• U.S.

National Affairs: Our Children

3 minute read

Pausing outside the chamber of the House of Representatives, Franklin Roosevelt shouted laughingly to Secretary of Interior Ickes, who had eaten some crab meat for lunch and was wishing he hadn’t, “Hello, Grouch.” Then the President, in a grey cutaway, walked with smiling dignity into a joint session of Congress to deliver his eighth annual message on the State of the Nation.

There to hear him were almost every U. S. Senator** and Congressman, his Cabinet, uniformly (with the exception of Madam Secretary Perkins) clothed in turtle coats and striped grey trousers, and in the gallery children straddling laps, surrounded by mittens, rubbers, coats: Diana Hopkins, daughter of Secretary of Commerce Hopkins, the President’s grandchildren, Eleanor and Curtis Dall; his uncle, Frederic Delano, his wife, his mother.

Facing a battery of microphones, in an intimate voice which he seldom raised, Mr. Roosevelt delivered to Congress and his family an address on the State of the Nation which was mainly concerned with foreign affairs.

Said the President: “It becomes clearer and clearer that the future world will be a shabby and dangerous place to live in—yes, even for Americans to live in—if it is ruled by force in the hands of a few. . . .

“We must look ahead and see the possibilities for our children if the rest of the world comes to be dominated by concentrated force alone. . ..

“This year, in the light of continuing world uncertainty, I am asking the Congress for Ar.my and Navy increases which are based not on panic but on common sense. They are not as great as enthusiastic alarmists seek. They are not as small as unrealistic persons claiming superior information would demand. …” What the President left to conjecture, as he asked the nation to pay for the greatest peacetime military force in the U. S., was what the U. S. would be called upon to do if the “vicious, ruthless, destructive” forces of the world were triumphant.

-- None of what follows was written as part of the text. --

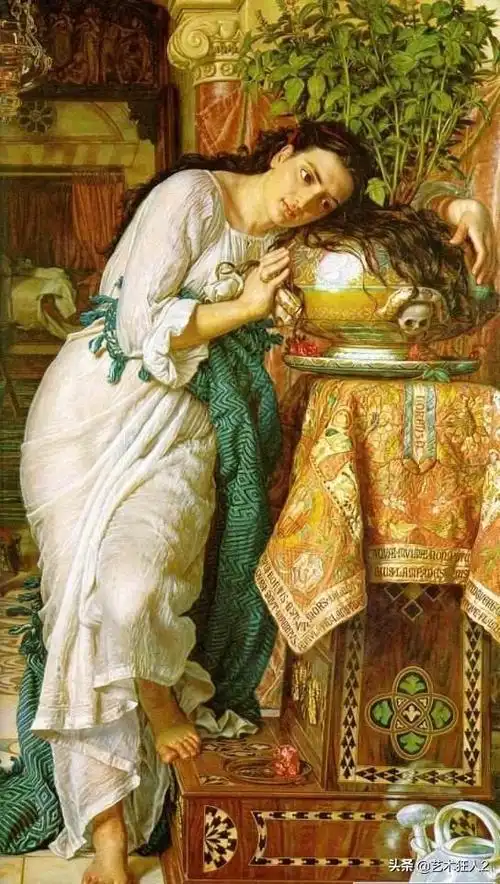 在拉斐尔前派名画中他她为爱沉沦为爱发狂为爱殉情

General reaction of the U. S. to the speech resembled that of Uncle Frederic Delano, and 14-year-old Alice, daughter of Congressman Voorhis of California, who said of the whole proceeding: “I thought it was sort of boring but interesting.”

**Notable absentee: Idaho’s Borah. Said he: “It’s dangerous to listen to Roosevelt, because he could recite an example in algebra and make it interesting. When I want to know what he said I have to sit down and read it. Be assured I will read his speech.”